Reputation: 2755
What is the right way to persist data defined using protobuf3. I am using golang and Java, both place with support of ORMs. In java with Hibernate and golang with gorm. Both place i need to convert the Generated code to corresponding Entity model. I feel that is more pain full to maintain same object structure in order to be understandable by ORM. Is there any Database which i can use along with protobuf objects as is. Or i can define the relations between objects in the protobuf itself.
Any helps really appreciated.
Upvotes: 15
Views: 19108
Reputation: 5951
In Go, I don't know about gorm, but it seems that with Ent (a competing ORM) Protobufs can be deserialized into exactly the same objects which are used for DB tables/relations. Ent's official tutorial for that.
The caveat is that you specify your Protobuf with Ent's Golang structures, not via the standard proto3
language.
Upvotes: 0
Reputation: 333
Although this question is quite old, things have happened since then and the FoundationDB Record Layer, released by Apple in 2018, stores Protocol Buffer natively.
Upvotes: 0
Reputation: 49221
There is a not-straightforward solution to this problem.
Protobuf 3 standardises JSON mapping for the messages.

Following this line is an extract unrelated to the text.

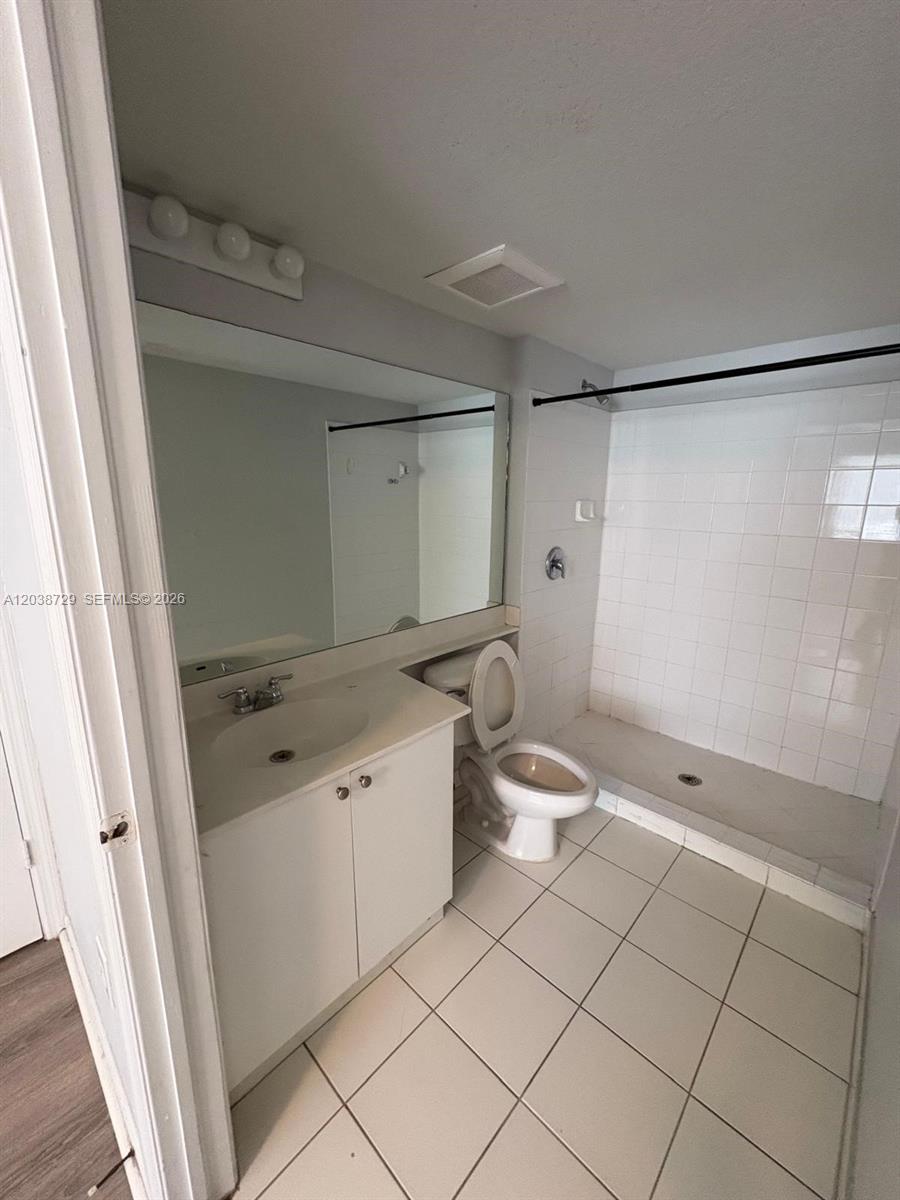 15410 Sw 284st 8103 Property Photo 26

Once you serialise your message to JSON, you have multiple options for storing it in a database.
The following (and many more) databases can store JSON data:
Upvotes: 3
Reputation: 308938
Your ORM is dealing with objects, by definition. It should not know or care about serialization on the network. I'd suggest deserializing the protobuf message into objects that your ORM is used to and letting it persist them. There's no good reason to couple your persistence tier to the network protocol.
It might make sense to store the protobuf serialization directly if you get rid of JPA and go with a document based solution.
You have to decide how much value JPA is providing for you.